HAS Ditengarai Curas Diamankan Tim Buser Polres Barito Utara

250 0

BARITO UTARA- Satuan Reserse Kriminal (Satreskrim) Polres Barito Utara (Kalteng) berhasil mengamankan inisial H.A.S (25) tahun diduga pelaku pencurian dengan kekerasan (Curas) yang mengakibatkan korbannya, seorang Pegawai Negeri Sipil (PNS) bernama Hartini (58) tahun, meninggal dunia. 

Pelaku berinisial H.A.S (25) ditangkap di Desa Benangin V, Kecamatan Teweh Timur, Kabupaten Barito Utara, pada Kamis pagi (21/12/2023) dini hari.

Kapolres Barito Utara AKBP. Gede Pasek Muliadnyana, membenarkan bahwa penangkapan pelaku dilakukan setelah tim penyidik mendapatkan informasi keberadaan pelaku yang bersembunyi di rumah isterinya di desa Benangin V Kecamatan Teweh Timur, Kabupaten Barito Utara.

“Berdasarkan informasi tersebut, tim gabungan polres Barito Utara dan polsek teweh timur langsung bergerak cepat dan berhasil mengamankan pelaku di tempat persembunyiannya, “kata Kapolres, didampingi Kasatreskrim AKP. Wahyu Satyo Budiarjo, Jumat petang.

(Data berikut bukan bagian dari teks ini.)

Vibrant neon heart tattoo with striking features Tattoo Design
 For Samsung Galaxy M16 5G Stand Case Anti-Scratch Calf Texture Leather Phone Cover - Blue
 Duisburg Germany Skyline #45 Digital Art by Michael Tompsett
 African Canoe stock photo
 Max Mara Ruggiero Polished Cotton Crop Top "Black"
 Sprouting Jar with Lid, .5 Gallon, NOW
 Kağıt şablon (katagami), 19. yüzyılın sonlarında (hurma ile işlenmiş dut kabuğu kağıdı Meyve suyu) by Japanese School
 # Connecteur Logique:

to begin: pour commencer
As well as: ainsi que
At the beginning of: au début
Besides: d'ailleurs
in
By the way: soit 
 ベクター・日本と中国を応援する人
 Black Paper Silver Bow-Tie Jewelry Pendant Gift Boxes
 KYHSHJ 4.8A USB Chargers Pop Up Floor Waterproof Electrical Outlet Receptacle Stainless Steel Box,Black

Kepada polisi, pelaku inisial H. A. S mengaku nekat melakukan pencurian dengan kekerasan karena terlilit hutang. Ia mengaku sebelumnya pernah tinggal di samping rumah korban selama kurang lebih 3 bulan dan mengetahui situasi serta kondisi di rumah korban

Sebelumnya, pelaku sempat minta antar kepada isterinya, samapai Darmaga dan sasaat itu juga pelaku kembali menuju TKP dengan berjalan kaki, sesampainya di TKP pada jam. 01.00 Wib. Maka pelaku bersembunyi di sekitar TKP sekitar dekat rumah korban, untuk memantau dan memastikan kondisi rumah Korban itu dalam keadaan sepi, “ujar Kapolres Barito Utara.

“Setelah itu pada tengah malam di TKP antara pukul 03.00-04.00 WIB dinihari, pelaku ini masuk ke dalam rumah korban melalui jendela samping. Sesaat di dalam rumah, pelaku mengambil pisau dapur milik korban, “terang AKBP. Gede Pasek.

Ketika pelaku sudah berada didalam rumah korban hendak mengambil sepeda motor milik korban, sambung Kapolres, korban memergokinya. Karena korban sempat berteriak, pelaku langsung menusuk leher korban dengan menggunakan pisau dapur yang mengakibatkan korban bersimbah darah dan meninggal dunia tengkurep.

“Setelah menusuk korban, pelaku masuk ke dalam kamar untuk mengambil tas milik korban yang berisikan uang sebesar Rp. 900.000 serta kartu identitas lainnya, “ungkap Kapolres.

AKBP. Gede Pasek menjelaskan, setelah mengambil tas, pelaku mengambil satu unit sepeda motor milik korban, merk Genio warna hitam lis merah Nopol. KH. 8490 EW Dalam perjalanan, pelaku membuang pisau dapur tersebu, tas milik korban, dan baju milik pelaku ke Sungai.

Kemudian pelaku menjual sepeda motor milik korban ke showroom motor di Muara Teweh. Setelah ditelusuri oleh tim intelkam dan Buser, sepeda motor itu ternyata sudah dibeli oleh seorang warga desa Benangin dan dari hasil penjualan sepeda motor bernomor Polisi KH.8490 EW. kemudian pelaku bembeli sepedamotor lagi merk Yamaha Mio waran biru dengan Nopol. 6121 BK untuk menghilangkan jejeknya. mengamankan sepeda motor tersebut, “jelas Kapolres.

Saat ini, pelaku telah diamankan di Mapolres Barito Utara, untuk menjalani proses hukum lebih lanjut. Ia dijerat dengan Pasal 365 Ayat (3) KUHPidana.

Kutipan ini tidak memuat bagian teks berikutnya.